По подсчетам С. Е. Яхонтова, уже в IV тысячелетии до н. э. сино-тибетские языки были распространены от Непала и Ассама на юге до верхнего течения Хуанхэ на севере. К этому же времени относится обособление китайского языка. Столь раннее обособление китайского языка является причиной сравнительно слабых лексических связей с другими языками китайско- тибетской семьи [там же, 6].
Тайские языки образуют компактную группу с очевидными генетическими связями. Лексико-статистическое исследование сиамского языка Таиланда, языков юньнаньских тай и языка нунг показало их близкое родство. По подсчетам С. Е. Яхонтова, начало распада общекитайского языка относится к IV–VI вв. [там же, 7]. Широко распространено мнение, что тайские языки состоят в генетическом родстве с китайским. Лексико-статистический анализ материалов китайского и тайского языков не подтверждает этот взгляд.

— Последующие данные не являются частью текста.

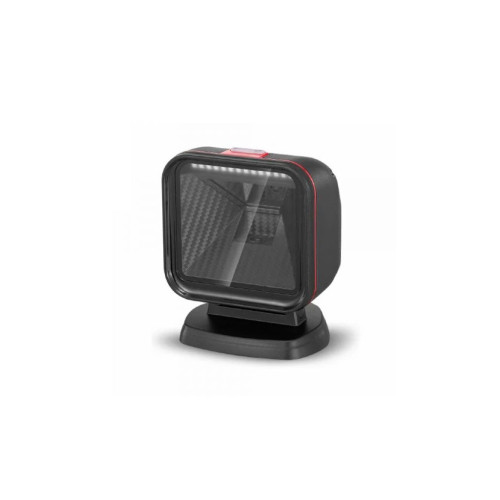 Сканер штрих-кода UKRMARK X9003 USB (900343) – UKRMARK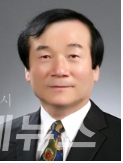 장안구민회관 이미지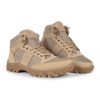Черевики чоловічі crosSAV 21-31(beige)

В обоих языках встречается значительное количество общей лексики, однако в пределах списка Сводеша совпадения незначительны. Отсюда С. Е. Яхонтов делает вывод, что общая лексика в этих языках представляет собой результат более или менее поздних заимствований. Исследование лексики тайского языка ли на Хайнане, который лишь сравнительно недавно вступил в контакты с китайским языком, показывает, что он почти не содержит слов китайского происхождения [там же, 86].

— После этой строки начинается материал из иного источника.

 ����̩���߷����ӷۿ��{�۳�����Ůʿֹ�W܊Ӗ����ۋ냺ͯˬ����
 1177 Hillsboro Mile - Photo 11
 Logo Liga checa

Группа аустроазиатских языков включает языки монкхмер, мунда, вьетнамский и языки мяо-яо. При этом вьетнамский язык обнаруживает значительное, а языки мяо-яо — несколько меньшее лексическое сходство с языкамц монкхмер. Сами по себе языки мяо и яо представляют собой достаточно компактную группу с очевидными генетическими связями [там же, 10].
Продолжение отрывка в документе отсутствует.